Data shown —
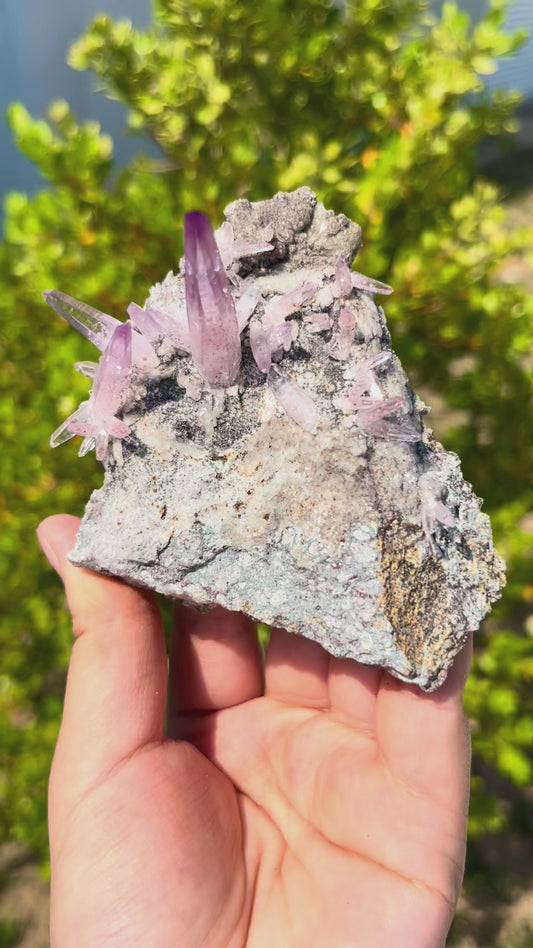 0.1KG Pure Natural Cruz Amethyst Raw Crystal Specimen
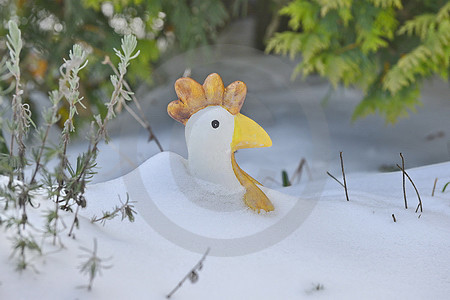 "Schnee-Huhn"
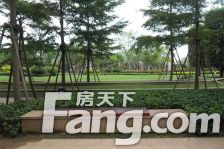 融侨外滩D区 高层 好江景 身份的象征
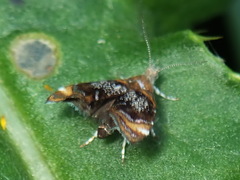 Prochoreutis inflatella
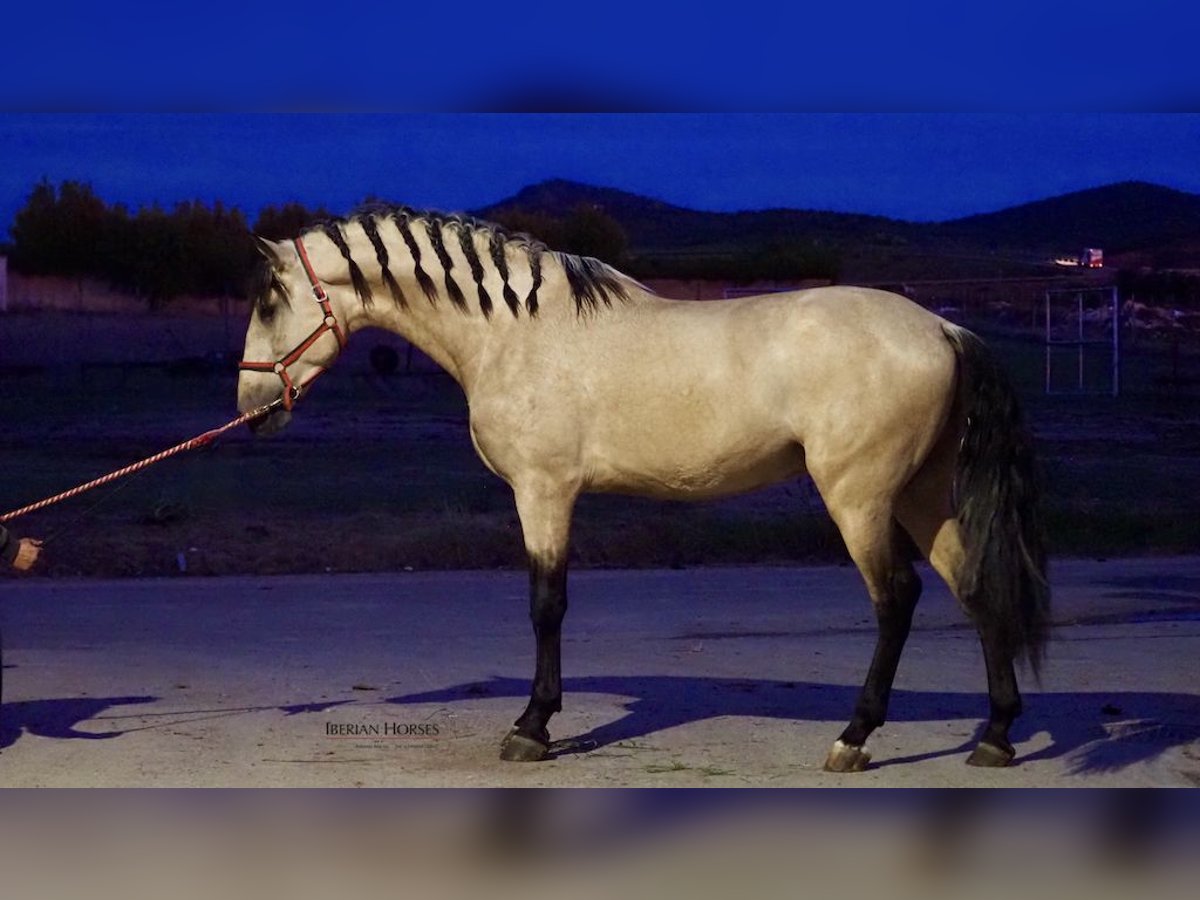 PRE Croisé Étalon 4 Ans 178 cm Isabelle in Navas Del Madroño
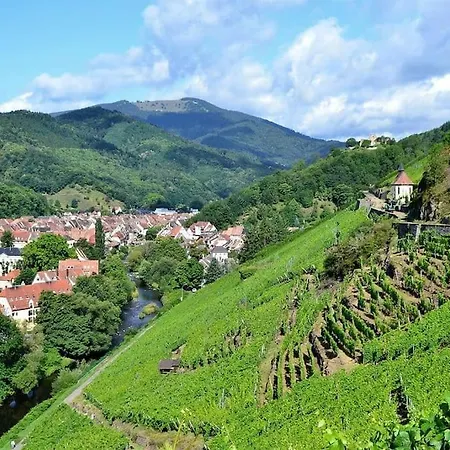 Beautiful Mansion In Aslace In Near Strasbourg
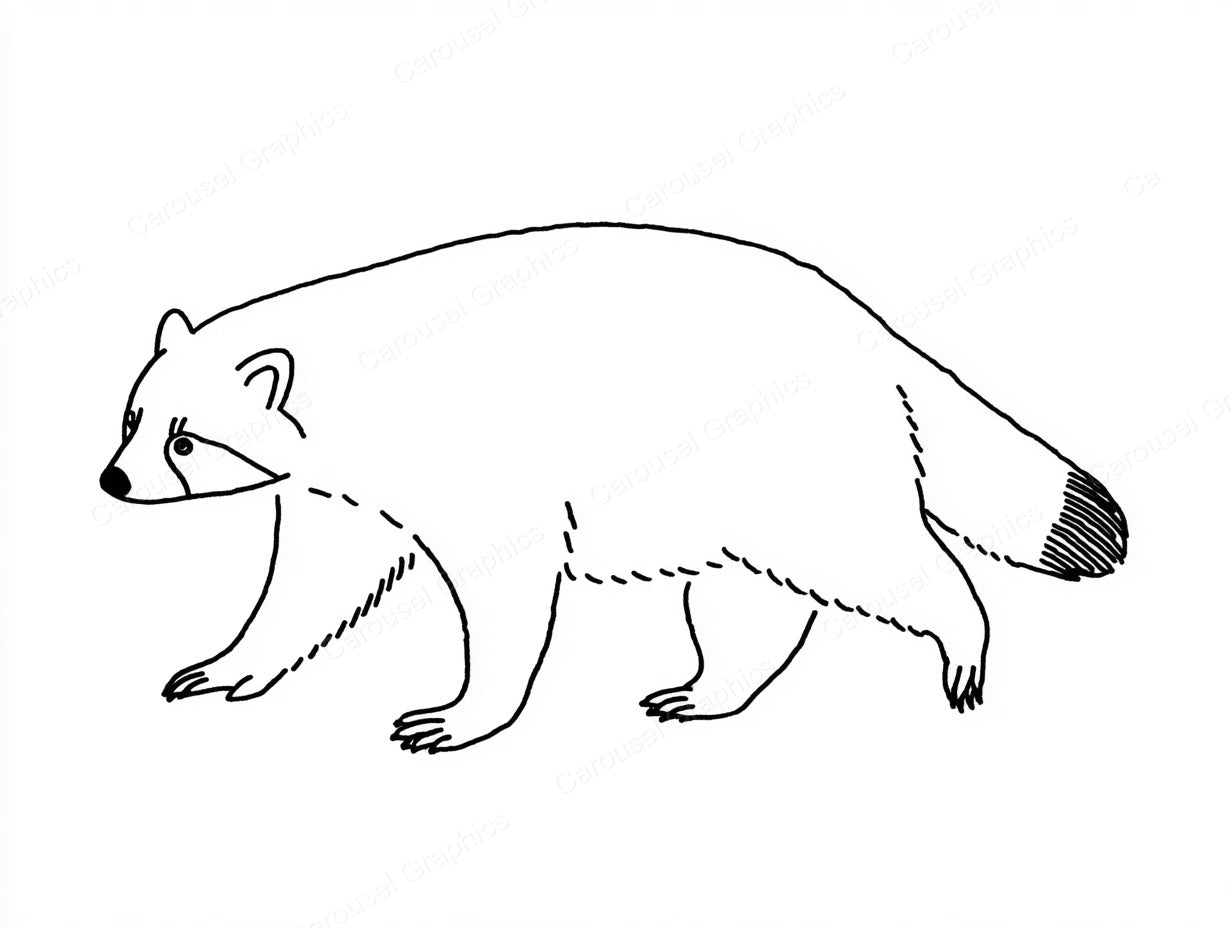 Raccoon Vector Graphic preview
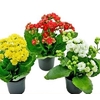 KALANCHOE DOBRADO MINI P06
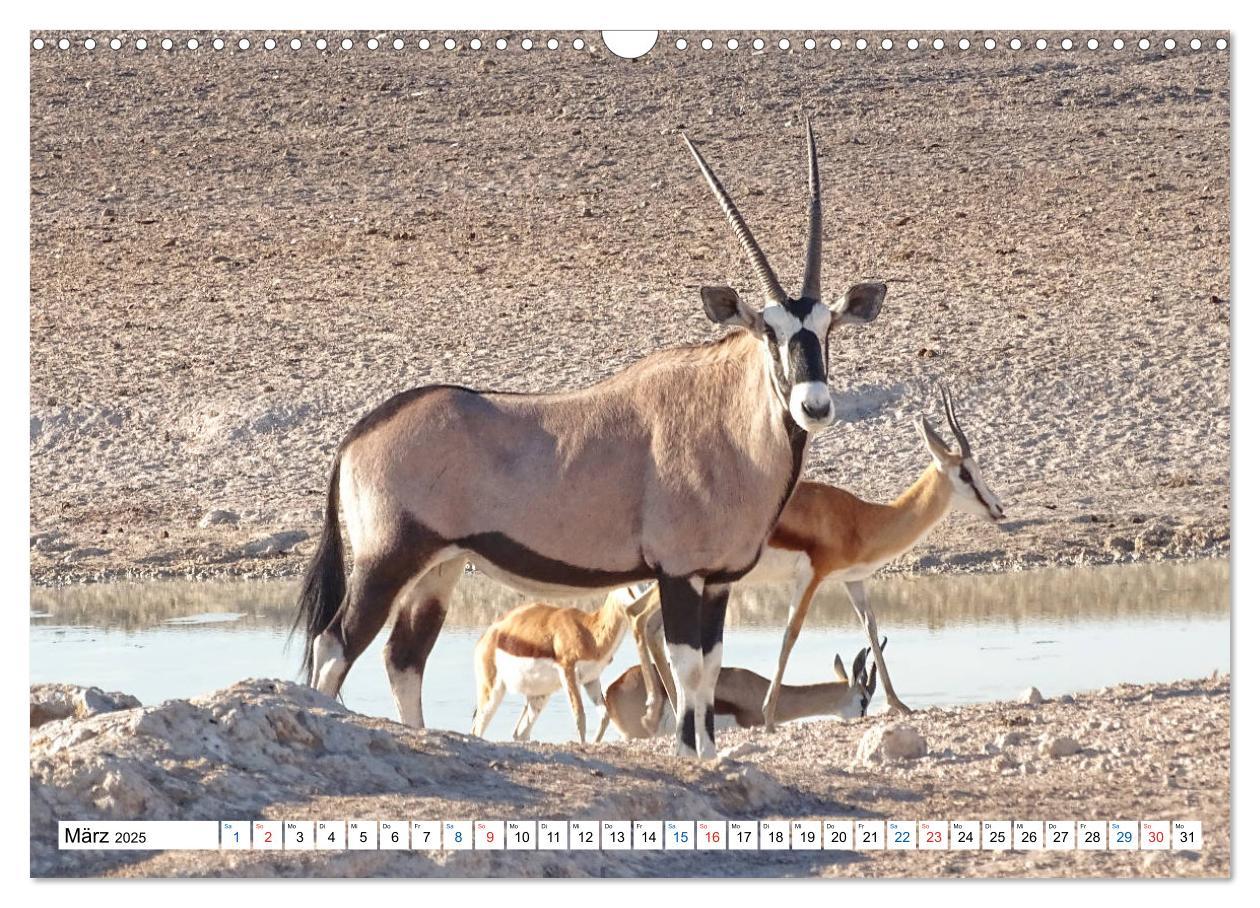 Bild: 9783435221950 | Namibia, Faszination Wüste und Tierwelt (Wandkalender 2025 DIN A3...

Your objective — The reply should repeat the listing above exactly and contain no pictures.

Result for this exercise —
 0.1KG Pure Natural Cruz Amethyst Raw Crystal Specimen
 "Schnee-Huhn"
 融侨外滩D区 高层 好江景 身份的象征
 Prochoreutis inflatella
 PRE Croisé Étalon 4 Ans 178 cm Isabelle in Navas Del Madroño
 Beautiful Mansion In Aslace In Near Strasbourg
 Raccoon Vector Graphic preview
 KALANCHOE DOBRADO MINI P06
 Bild: 9783435221950 | Namibia, Faszination Wüste und Tierwelt (Wandkalender 2025 DIN A3...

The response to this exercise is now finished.